Main concern right now:
Ability to integrate and test fast from multiple suppliers and in-house teams, from finding a bug to making a fix through diverse and at times disconnected pipelines is a major challenge major companies struggle with.
Most excited for in 2026:
Brand new silicon designs building a platform concept on silicon towards upper layers of software stack. Collaborations to design and build SDV platforms for various consumers funded by a consortium of companies who are each good in specific aspects of it. Ability to build safety critical platforms with domain-specific libraries that allow reusable pieces to be deployed in domains such as automotive, aerospace, robotics.

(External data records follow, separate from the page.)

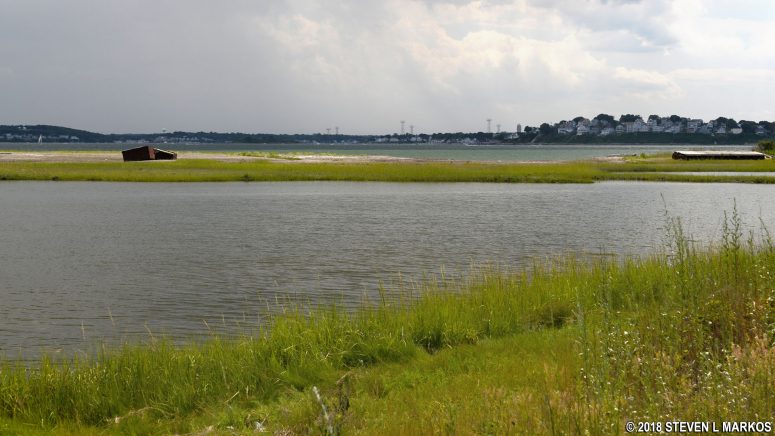 Salt Marsh between Middle Head and West Head on Peddocks Island, Boston Harbor Islands National Recreation Area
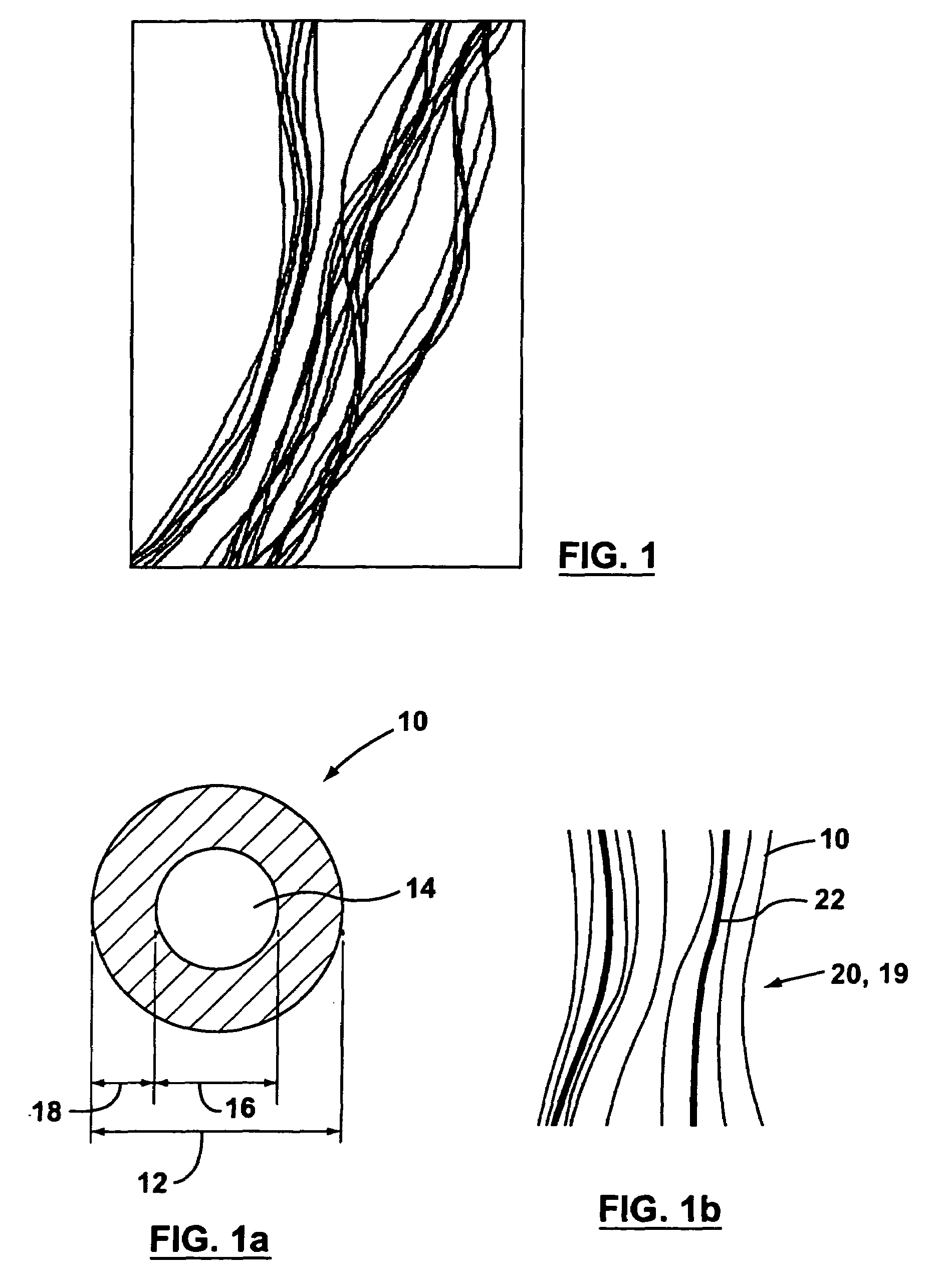 Supported biofilm apparatus and process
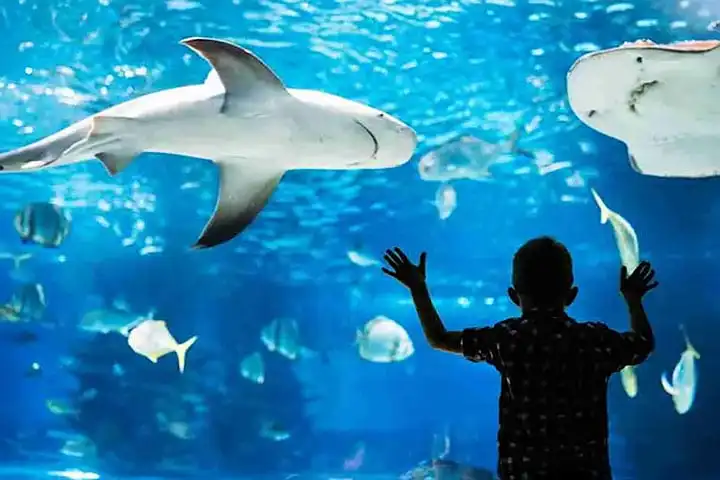 The Aquarium de Paris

Dominic Neumann, EA to the President, Bosch
Biggest technological advancement impact (in the next five years):
I believe the biggest impact over the next five years will stem from the widespread application of AI, particularly GenAI and advanced machine learning, across all automotive functions. This will profoundly enhance vehicle capabilities, enabling levels of personalization, predictive intelligence, and continuous optimization, thereby accelerating innovation cycles and fundamentally transforming the driving experience, especially when combined with SDV’s.
Main concern right now:
My biggest concern is the geopolitical fragmentation, which critically destabilizes global supply chains and trade routes essential for our industry. This volatility significantly complicates our efforts to manage the rapid technological transformation, and the immense investments required. Navigating this unpredictable landscape while ensuring continuity and profitability demands constant strategic adaptation and resilience.
Most excited for in 2026:
I'm most excited for the maturing of Software-Defined Vehicle architectures by 2026, which will unlock the transformative power and will unleash the inherent advantages of by-wire systems, enabling new levels of dynamic vehicle control, performance, comfort and safety. This synergy will lead to more personalization, continuous over-the-air feature enhancements, and a true redefinition of driving experience.